Wyrd is a globally scalable distributed file storage foundation with atomic writes. Built in Rust, Apache-2.0.
wyrd /wɪəd/ — Old English for fate. Yes, it sounds like “weird.” Anyone who has run distributed storage at 3 a.m. will agree that is the correct word.
What it is
Wyrd is the layer a mid-sized cloud provider could build a worldwide storage product on — a Drive-like service, an S3-compatible object store, or the backend for a collaborative editor. It keeps metadata and bulk data architecturally separate, yet every write commits as a single, indivisible act: from the caller’s point of view, a write either happened in full or not at all.
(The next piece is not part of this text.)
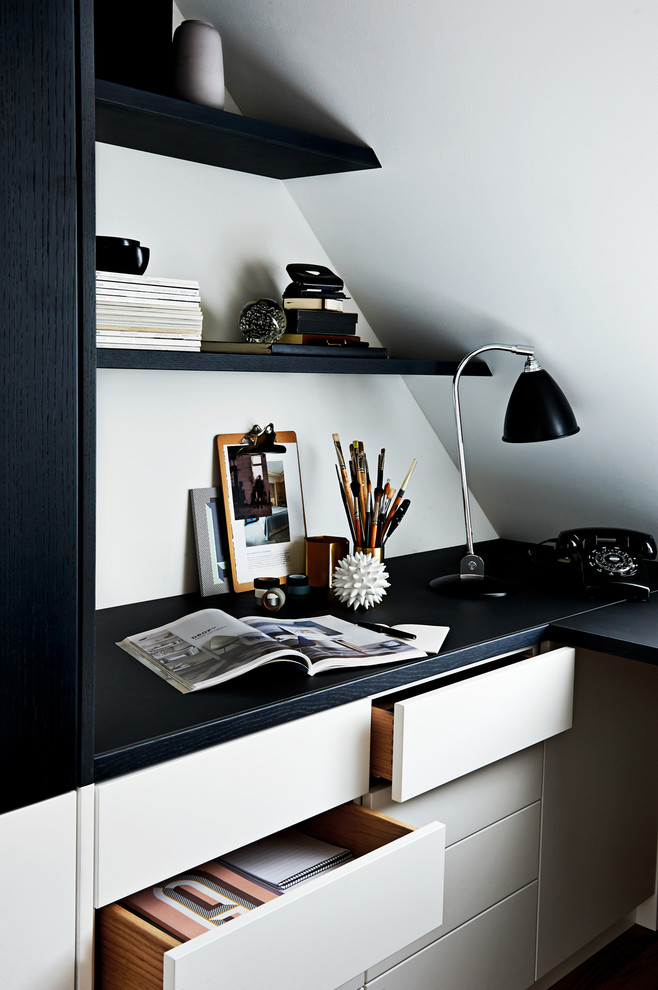 Design ideas for a contemporary home office in Hamburg.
The model follows the Colossus-class lineage — a global control plane over per-zone storage, with bulk data flowing directly between client and storage servers so throughput scales with the fleet rather than through a bottleneck. One static binary on a laptop for development; a multi-region deployment in production. The same system, configured differently.
Why it exists
Plenty of systems do part of this. Few combine all of it: a rigorous atomic commit point, a globally consistent namespace, erasure coding within a zone and geo-replication across zones, pluggable metadata and chunk backends behind narrow interfaces, an on-disk format specified so the data outlives the software that wrote it — and correctness treated as the headline feature, verified with deterministic simulation testing from day one.
The Norns
In myth, the three Norns weave fate — what has been, what is, and what is owed. Wyrd borrows them for the parts of the system that carry real weight, so each component’s name states its job.
Urth
what has become
The durable committed record — metadata and on-disk truth.
Verdandi
what is becoming
The write and commit path, where the present is made durable.
Skuld
what is owed
Pending work — replication, repair, and reconciliation.
The name
A storage system is, in the end, a keeper of wyrd: it holds what was written, weaves in what is being written, and carries the debts of what it still owes. The whole woven state is the Wyrd; the Norns are the ones who tend it. The Norns weave the Wyrd.